** Opening DATASET CONTENT block **
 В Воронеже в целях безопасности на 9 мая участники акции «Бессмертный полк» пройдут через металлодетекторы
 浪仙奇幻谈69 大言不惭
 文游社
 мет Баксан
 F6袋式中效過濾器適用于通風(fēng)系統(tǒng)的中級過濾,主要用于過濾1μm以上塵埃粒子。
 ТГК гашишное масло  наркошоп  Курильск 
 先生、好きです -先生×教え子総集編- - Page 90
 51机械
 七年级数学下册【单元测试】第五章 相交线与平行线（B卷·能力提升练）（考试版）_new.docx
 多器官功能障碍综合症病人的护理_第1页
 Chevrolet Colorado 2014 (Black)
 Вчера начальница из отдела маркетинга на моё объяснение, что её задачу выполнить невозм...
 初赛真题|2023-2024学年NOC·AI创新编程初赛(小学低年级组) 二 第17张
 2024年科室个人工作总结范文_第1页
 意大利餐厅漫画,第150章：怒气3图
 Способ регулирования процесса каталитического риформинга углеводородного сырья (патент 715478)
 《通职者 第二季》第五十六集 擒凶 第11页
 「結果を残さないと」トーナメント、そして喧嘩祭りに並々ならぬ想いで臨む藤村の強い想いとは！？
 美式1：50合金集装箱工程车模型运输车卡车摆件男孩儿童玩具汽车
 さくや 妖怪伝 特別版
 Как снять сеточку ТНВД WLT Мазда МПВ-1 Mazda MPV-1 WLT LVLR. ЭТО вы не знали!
** Closing DATASET CONTENT block **
» REQUIRED ACTION:
Exactly the lines from the one containing "多器官功能障碍综合症病人的护理_第1页" through the end of the records should be reproduced, and no others.

» ANSWER SECTION:
 多器官功能障碍综合症病人的护理_第1页
 Chevrolet Colorado 2014 (Black)
 Вчера начальница из отдела маркетинга на моё объяснение, что её задачу выполнить невозм...
 初赛真题|2023-2024学年NOC·AI创新编程初赛(小学低年级组) 二 第17张
 2024年科室个人工作总结范文_第1页
 意大利餐厅漫画,第150章：怒气3图
 Способ регулирования процесса каталитического риформинга углеводородного сырья (патент 715478)
 《通职者 第二季》第五十六集 擒凶 第11页
 「結果を残さないと」トーナメント、そして喧嘩祭りに並々ならぬ想いで臨む藤村の強い想いとは！？
 美式1：50合金集装箱工程车模型运输车卡车摆件男孩儿童玩具汽车
 さくや 妖怪伝 特別版
 Как снять сеточку ТНВД WLT Мазда МПВ-1 Mazda MPV-1 WLT LVLR. ЭТО вы не знали!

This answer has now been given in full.